Teachers Are Put to the Test
More States Tie Tenure, Bonuses to New Formulas for Measuring Test Scores
Stephanie Banchero and David Kesmodel | Wall Street Journal
MADISON, Wis.—Teacher evaluations for years were based on brief classroom observations by the principal. But now, prodded by President Barack Obama's $4.35 billion Race to the Top program, at least 26 states have agreed to judge teachers based, in part, on results from their students' performance on standardized tests.
So with millions of teachers back in the classroom, many are finding their careers increasingly hinge on obscure formulas like the one that fills a whiteboard in an economist's office here.
The metric created by Value-Added Research Center, a nonprofit housed at the University of Wisconsin's education department, is a new kind of report card that attempts to gauge how much of students' growth on tests is attributable to the teacher.
For the first time this year, teachers in Rhode Island and Florida will see their evaluations linked to the complex metric. Louisiana and New Jersey will pilot the formulas this year and roll them out next school year. At least a dozen other states and school districts will spend the year finalizing their teacher-rating formulas.
"We have to deliver quality and speed, because [schools] need the data now," said Rob Meyer, the bowtie-wearing economist who runs the Value-Added Research Center, known as VARC, and calls his statistical model a "well-crafted recipe."
VARC is one of at least eight entities developing such models.
Supporters say the new measuring sticks could improve U.S. educational performance by holding teachers accountable for students' progress. Teachers unions and other critics say the tests' measurements are narrow and that the teachers' scores jump around too much, casting doubt on the validity of the formulas.
Janice Poda, strategic-initiatives director for the Council of Chief State School Officers, said education officials are trying to make sense of the complicated models. "States have to trust the vendor is designing a system that is fair and, right now, a lot of the state officials simply don't have the information they need," she said.

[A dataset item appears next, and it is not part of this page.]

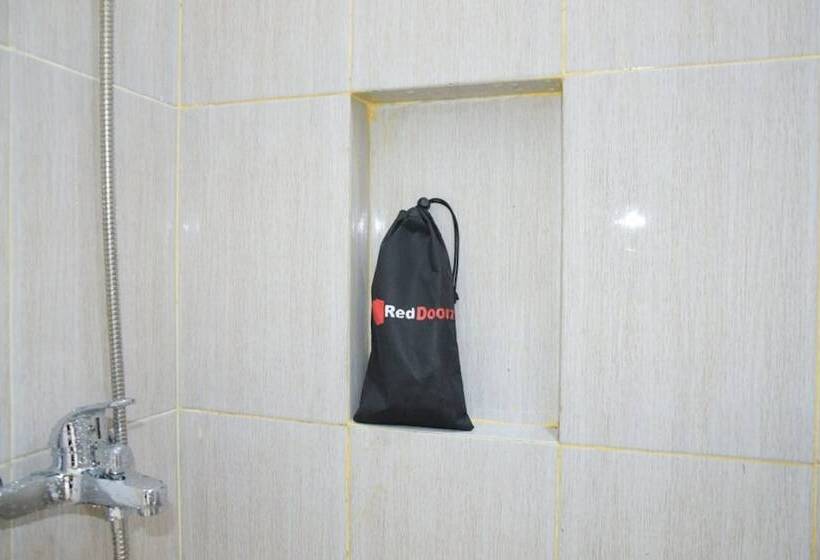 호텔 Reddoorz Near Uin Sumatera Utara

Bill Sanders, who developed the nation's first model to measure teachers' effect on student test scores, advises caution. "People smell the money and there are lots of people rushing out with unsophisticated formulas," said Mr. Sanders, who works as a senior researcher at software firm SAS Institute Inc., which competes with VARC for contracts.
In general, the models use a student's score on, say, a fourth-grade math test to predict how she or he would perform on the fifth-grade test. Some groups, such as VARC, adjust those raw test scores to control for students' outside factors, such as income or race. The actual fifth-grade score is then compared with the expected score, which then translates into the measure of the teacher's added value.

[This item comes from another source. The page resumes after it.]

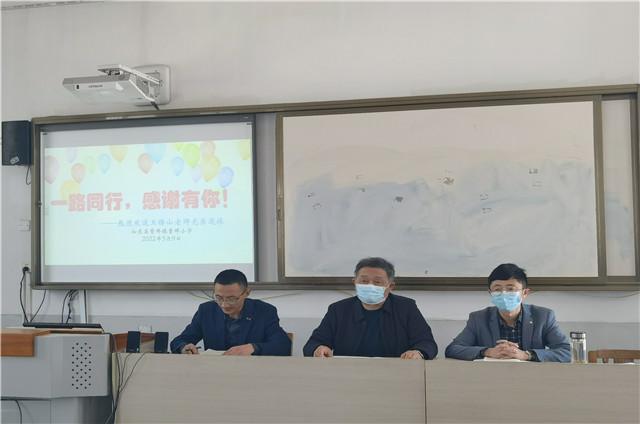 曹埠小学体育老师名单公示,曹埠小学王焱老师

The teacher's overall effectiveness with every student in the classroom is boiled down to one number to rate them from least effective to most effective.

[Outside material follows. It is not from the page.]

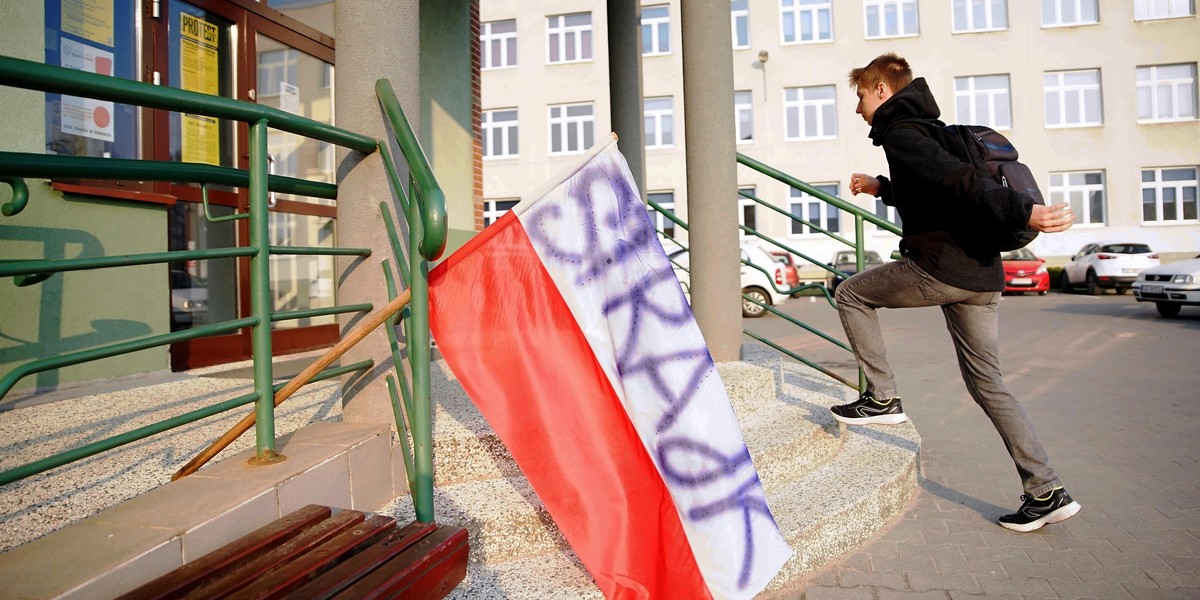 Strajk nauczycieli. Co z egzaminami?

For states and school districts, deciding which vendor to use is critical. The metrics differ in substantial ways and those distinctions can have a significant influence on whether a teacher is rated superior or subpar.
In August, a New York State Supreme Court judge invalidated a vote by state education officials that would have let districts base 40% of teacher evaluations on state test scores, after the state teachers unions sued saying the law allowed for only 20%. The Los Angeles teachers union has sued to stop the district from launching a pilot program that would grade some teachers using a VARC formula.
Until this year, only a few districts used value-added data. Washington, D.C., used it to fire about 60 teachers; New York City employed it to deny tenure to what it considered underperforming teachers; and Houston relied on it to award bonuses.
Michelle Rhee, who instituted a tough evaluation system when she was schools chancellor in Washington, said she took over a district where many students failed achievement exams, yet virtually every teacher was rated effective.
"While it's not a perfect measure, it was a much fairer, more transparent and consistent way to evaluate teachers," said Ms. Rhee, who now heads StudentsFirst, a nonprofit advocate for education overhauls.
Andy Dewey, an 11th-grade history teacher in Houston, is not a fan. He saw his score bounce from a positive rating in the 2008-09 school year to a negative rating the following year, decreasing his bonus by about $2,300.
"It's a bunch of garbage," said Mr. Dewey, who is executive vice president of a local teachers union. "These tests are designed to measure students, and they are being used to measure teachers. It's absolutely a misuse of the information."
In New York City, value-added data has been used for the last two years by principals only to make teacher tenure decisions. Last year, 3% of teachers did not receive tenure protection based, in part, on that data. A new state law, passed in an effort to compete for Race the Top, requires the data become an official part of every teacher evaluation.
At Frederick Douglass Academy in Harlem, principal Gregory Hodge uses the value-added results to alter instruction, move teachers to new classroom assignments and pair weak students with the highest performing teachers. Mr. Hodge said the data for teachers generally aligns with his classroom observations. "It's confirming what an experienced principal knows," he said.